* _What is being asked_
Copy each line below that contains "Hotel".

* _Available data_
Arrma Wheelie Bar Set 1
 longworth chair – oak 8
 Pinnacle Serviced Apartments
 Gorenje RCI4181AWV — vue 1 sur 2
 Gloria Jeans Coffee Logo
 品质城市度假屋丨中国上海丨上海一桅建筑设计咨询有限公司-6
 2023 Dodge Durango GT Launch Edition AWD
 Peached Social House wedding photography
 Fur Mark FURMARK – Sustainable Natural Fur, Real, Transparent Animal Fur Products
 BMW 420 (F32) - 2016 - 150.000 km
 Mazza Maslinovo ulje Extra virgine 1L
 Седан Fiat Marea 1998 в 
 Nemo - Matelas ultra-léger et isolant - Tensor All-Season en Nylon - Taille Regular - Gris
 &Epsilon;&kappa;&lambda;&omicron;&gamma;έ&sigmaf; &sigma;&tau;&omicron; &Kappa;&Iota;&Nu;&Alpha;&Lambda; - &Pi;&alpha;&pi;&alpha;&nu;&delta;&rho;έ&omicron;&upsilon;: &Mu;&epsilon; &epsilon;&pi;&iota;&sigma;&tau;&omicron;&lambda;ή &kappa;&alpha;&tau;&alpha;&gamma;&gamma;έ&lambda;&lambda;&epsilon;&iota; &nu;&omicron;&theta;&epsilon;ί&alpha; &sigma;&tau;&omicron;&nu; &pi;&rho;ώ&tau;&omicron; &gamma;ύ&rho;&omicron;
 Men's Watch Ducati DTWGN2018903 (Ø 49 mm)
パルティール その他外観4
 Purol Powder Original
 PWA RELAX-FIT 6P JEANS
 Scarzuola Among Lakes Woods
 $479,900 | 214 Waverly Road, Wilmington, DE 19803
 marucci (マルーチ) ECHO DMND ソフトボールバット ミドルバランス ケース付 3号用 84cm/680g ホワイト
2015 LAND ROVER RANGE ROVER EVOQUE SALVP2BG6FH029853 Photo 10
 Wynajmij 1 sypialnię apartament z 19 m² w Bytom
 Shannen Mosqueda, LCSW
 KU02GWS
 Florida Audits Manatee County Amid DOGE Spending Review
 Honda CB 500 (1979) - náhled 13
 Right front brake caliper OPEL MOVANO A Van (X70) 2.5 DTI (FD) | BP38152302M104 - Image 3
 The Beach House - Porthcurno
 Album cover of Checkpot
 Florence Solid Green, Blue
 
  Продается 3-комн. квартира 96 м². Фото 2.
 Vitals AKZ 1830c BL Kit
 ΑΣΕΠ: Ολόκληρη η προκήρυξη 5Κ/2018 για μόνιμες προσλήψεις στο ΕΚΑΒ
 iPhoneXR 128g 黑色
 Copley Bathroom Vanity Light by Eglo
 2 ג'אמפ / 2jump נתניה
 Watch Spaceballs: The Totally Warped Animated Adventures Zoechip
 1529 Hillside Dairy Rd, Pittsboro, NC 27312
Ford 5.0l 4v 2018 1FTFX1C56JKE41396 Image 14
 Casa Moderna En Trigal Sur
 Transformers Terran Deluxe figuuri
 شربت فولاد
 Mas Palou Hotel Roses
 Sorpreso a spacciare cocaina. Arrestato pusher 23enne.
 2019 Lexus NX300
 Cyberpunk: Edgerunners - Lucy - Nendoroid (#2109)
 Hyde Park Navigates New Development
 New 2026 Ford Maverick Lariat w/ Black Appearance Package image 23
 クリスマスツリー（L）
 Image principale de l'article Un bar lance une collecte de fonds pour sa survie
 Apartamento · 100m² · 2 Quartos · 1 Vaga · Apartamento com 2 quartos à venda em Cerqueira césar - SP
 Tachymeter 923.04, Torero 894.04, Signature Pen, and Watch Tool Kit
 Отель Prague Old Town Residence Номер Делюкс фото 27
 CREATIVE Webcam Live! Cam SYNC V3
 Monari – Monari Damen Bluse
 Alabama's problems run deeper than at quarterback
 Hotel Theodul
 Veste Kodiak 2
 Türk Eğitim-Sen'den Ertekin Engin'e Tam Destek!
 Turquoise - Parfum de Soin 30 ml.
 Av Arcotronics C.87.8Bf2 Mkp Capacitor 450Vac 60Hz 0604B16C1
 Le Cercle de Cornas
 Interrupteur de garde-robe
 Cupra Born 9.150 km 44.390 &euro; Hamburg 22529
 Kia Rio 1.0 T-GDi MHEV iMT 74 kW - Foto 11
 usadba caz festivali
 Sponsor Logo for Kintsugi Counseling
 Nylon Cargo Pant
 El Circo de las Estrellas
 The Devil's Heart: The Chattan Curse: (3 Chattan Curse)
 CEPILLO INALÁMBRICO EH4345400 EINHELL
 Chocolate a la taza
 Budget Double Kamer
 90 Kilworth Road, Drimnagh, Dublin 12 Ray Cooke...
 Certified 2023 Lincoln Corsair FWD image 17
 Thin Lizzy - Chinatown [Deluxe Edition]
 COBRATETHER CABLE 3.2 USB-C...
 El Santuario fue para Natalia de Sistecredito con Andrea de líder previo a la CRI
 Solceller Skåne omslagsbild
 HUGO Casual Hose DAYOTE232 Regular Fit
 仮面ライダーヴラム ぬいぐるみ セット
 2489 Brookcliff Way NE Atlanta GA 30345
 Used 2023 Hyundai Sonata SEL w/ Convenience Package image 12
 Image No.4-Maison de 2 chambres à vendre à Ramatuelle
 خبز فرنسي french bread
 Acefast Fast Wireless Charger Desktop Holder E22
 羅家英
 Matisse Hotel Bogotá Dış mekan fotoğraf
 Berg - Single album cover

* _Answer to this task_
 Mas Palou Hotel Roses
 Hotel Theodul
 Matisse Hotel Bogotá Dış mekan fotoğraf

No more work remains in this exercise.